Edit

Restore FEs

This topic describes how to restore the frontends (FEs) in your StarRocks cluster if the cluster is unavailable due to one of the following issues:

  • An FE cannot start Berkeley DB Java Edition (BDBJE).

  • An FE cannot synchronize data to the other FEs.

  • Your StarRocks cluster cannot write metadata into an FE.

  • Your StarRocks cluster cannot select a follower FE as the leader FE.

Note

  • Proceed with caution when you perform the operations that are described in this topic. Improper operations may cause an irreversible loss of data. If the FEs in your StarRocks cluster cannot start, we recommend that you troubleshoot the start failure rather than using this topic to restore the FEs.

  • The method that is provided in this topic cannot help you resolve the preceding issues. The method can only help you restore the service of your StarRocks cluster at the earliest opportunity. We recommend that you contact StarRocks technical support when you restore FEs.

Procedure

To manually restore the FEs in your StarRocks cluster, you must select an FE as the new leader FE, start that FE by using the metadata stored in the meta_dir directory, and then add the other FEs one by one.

Step 1: Stop all FEs

To prevent unanticipated problems, do not access the data when the restoration is in progress.

Step 2: Find the FE that contains the latest metadata

Back up the meta_dir directories of all FEs. If the meta_dir directory of an FE cannot be found in the default path, view the xxx/fe/conf/fe.conf file of an FE to obtain the directory. Example:

meta_dir = /home/disk1/sr/StarRocks-1.19.0/fe-3365df09-14bc-44a5-aabc-ccfaa5824d52/meta

The following figure shows the structure of the meta_dir directory.

8-2

Usually, the leader FE stores the latest metadata. To obtain the latest metadata, you can switch to the installation directory of each FE and run the following command to obtain the lastVLSN value of each FE. The FE that has the largest lastVLSN value stores the latest metadata.

java -jar lib/je-7.3.7.jar DbPrintLog -h meta/bdb/ -vd 

The current path of lib/je-7.3.7.jar is starrocks/fe.

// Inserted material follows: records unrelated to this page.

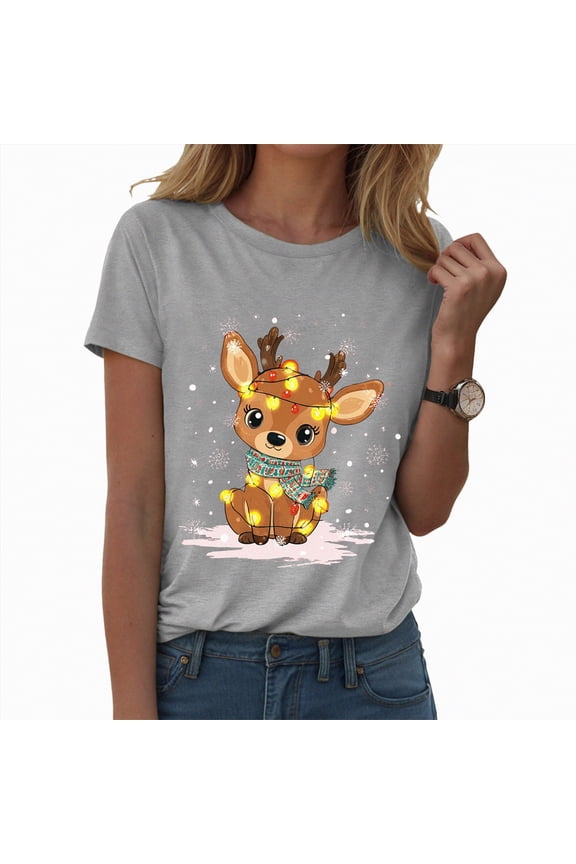 Christmas Tshirts Women Merry and Bright T-Shirts Christmas Tree Shirts Merry Christmas Funny Graphic Tee Tops Christmas Shirts Women (Light Gray,M)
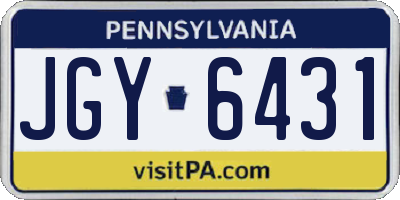 PA license plate JGY6431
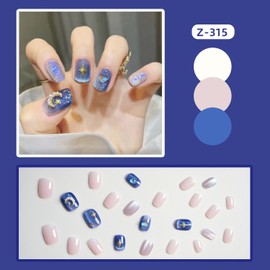 Vezocim Press on Nails Short Square Shapes 24Pcs Glossy Full Cover Artificial Blue Fake Nails with Gold Moon Star Gems Designs Reusable Acrylic Coffin Short False Nails Glue Fingernails for Women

The following figure shows an example on how to identify the largest lastVLSN value.

8-8

Step 3: Restore the FE that contains the latest metadata

The restoration steps vary for each FE based on the role of an FE. We recommend that you restore the follower FE that contains the latest metadata. View the image directory of each FE to check the role of the FE. A sample path of the image directory is /xxx/StarRocks-xxx/fe-xxx**/meta/image**.

8-3

Restore a follower FE

We recommend that you restore a follower FE. Perform the following steps to restore a follower FE:

  1. Set metadata_failure_recovery in the fe.conf file to true to delete the metadata of other FEs in BDBJE except for the metadata of the FE that needs to be restored. In this way, the FE cannot connect with other FEs and starts as a standalone FE.
  2. Run sh bin/start_fe.sh --deamon to start the FE, which works as the leader FE. You can see transfer from XXXX to MASTER in the fe.log log.
  3. You can send queries to the FE to check whether the FE is started successfully. If an error occurs, view the log of the FE and troubleshoot the error based on the log data and then restart the FE. If no error occurs, you can run the show frontends command to check the details of all the FEs that are added to your StarRocks cluster before. The current FE is the leader FE.
  4. Delete metadata_failure_recovery=true from the fe.conf file or change true to false. Then restart the FE. Otherwise, the metadata of BDBJE is deleted when you restart the FE, and other FEs cannot work properly.

Restore an observer FE

Perform the following steps to restore an observer FE:

  1. Change role=OBSERVER to role=FOLLOWER in the meta_dir/image/ROLE file.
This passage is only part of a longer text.